Back in 2012 I sent a few queries to the Electoral Commission, just to confirm a few things for my records. Here is their reply, received on 23 May 2012:
Thank you for contacting the Electoral Commission following the Political Polling Forum organised by AMRO, held at Parliament on 9 May 2012.
One of the panel members representing a polling company at the event commented that where a voter was surveyed prior to an election and they indicated they had already voted their voting preferences were still recorded in the poll.
Your query to the Commission is whether it is legal to include people who have already voted in advance in pre-election polling.
Section 197(1)(d) of the Electoral Act 1993 makes it an offence for a person at any time before the close of the poll, to conduct in relation to the election a public opinion poll of persons voting before polling day.
This provision makes it clear that it is not permissible to conduct an exit poll of voters prior to election day. A person who commits an offence under section 197 is liable to a fine of up to $20,000.
Advance votes are cast in the 17 days before election day. There has been an increase in advance voting over recent elections, with 334,558 (or 14.7%) of voters voting before election day at the 2011 General Election. Consequently, care needs to be taken if random polling of electors is conducted during the advance voting period to ensure section 197(1)(d) is not contravened.
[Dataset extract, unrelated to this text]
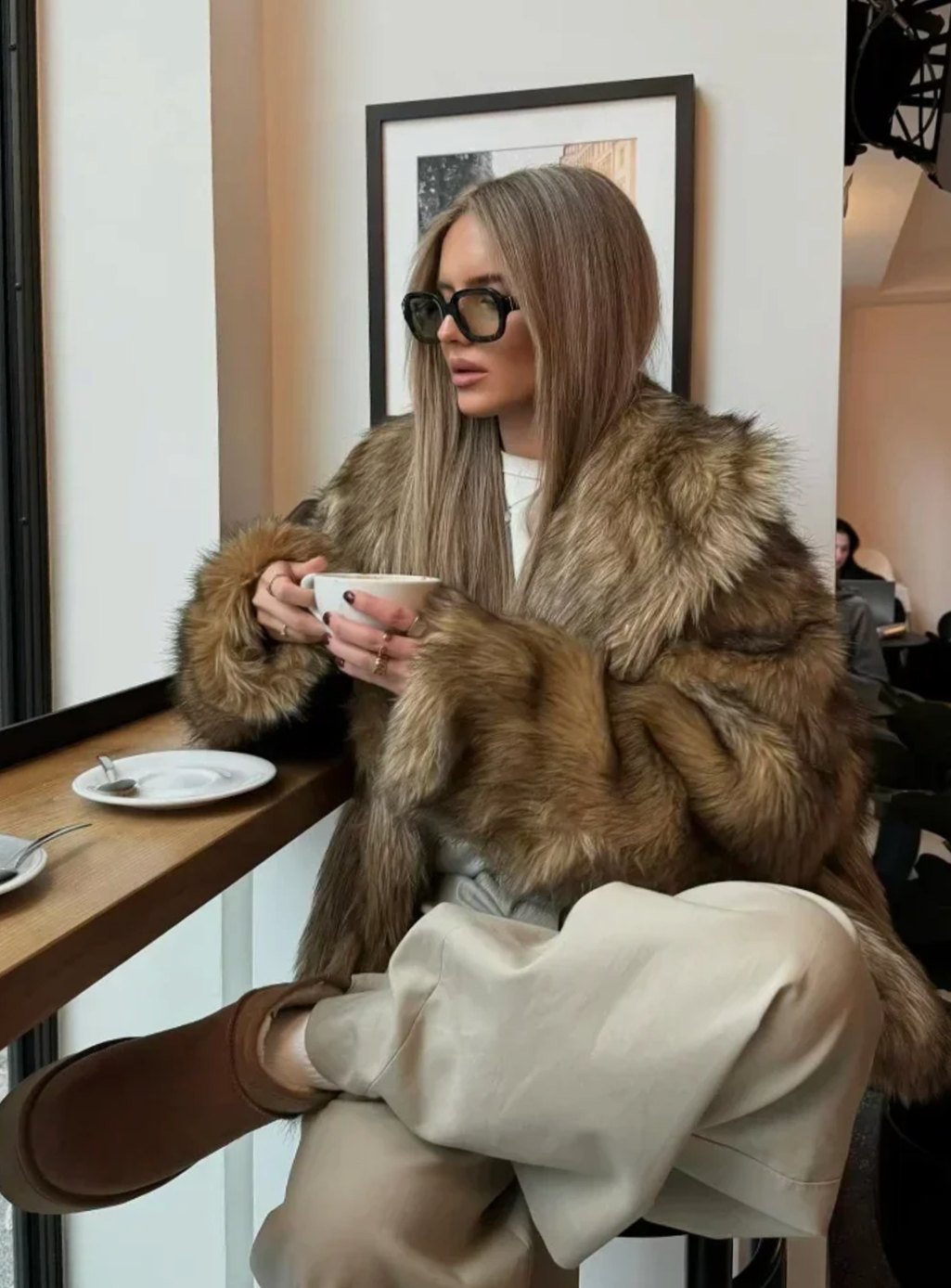 Amelia | Women's Brown Faux Fur Long-Sleeve Winter Coat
In the Commission’s view the questions put to individuals polled and the reporting of any results need to be worded in a way that ensures that they do not ask or disclose how people have actually voted. For example, people could be asked ‘which party they would vote for if they had to vote now?’. In the alternative, a polling company may chose not to poll any person who has already voted.
I hope this answers you query. Please feel free to circulate this response to other members of the panel who were present at the recent political polling forum event.
So essentially, exit polls are not allowed.
You can poll advance voters, as long as you don’t ask how they voted. To my knowledge, most polling companies ask ‘who would you vote for if an election was held today/tomorrow’, or something very similar. They do this because the purpose of a poll is to measure voter sentiment at the time of the poll, not to predict it on Election Day.
That may seem like a small distinction – but it’s really quite a big one when you think about it.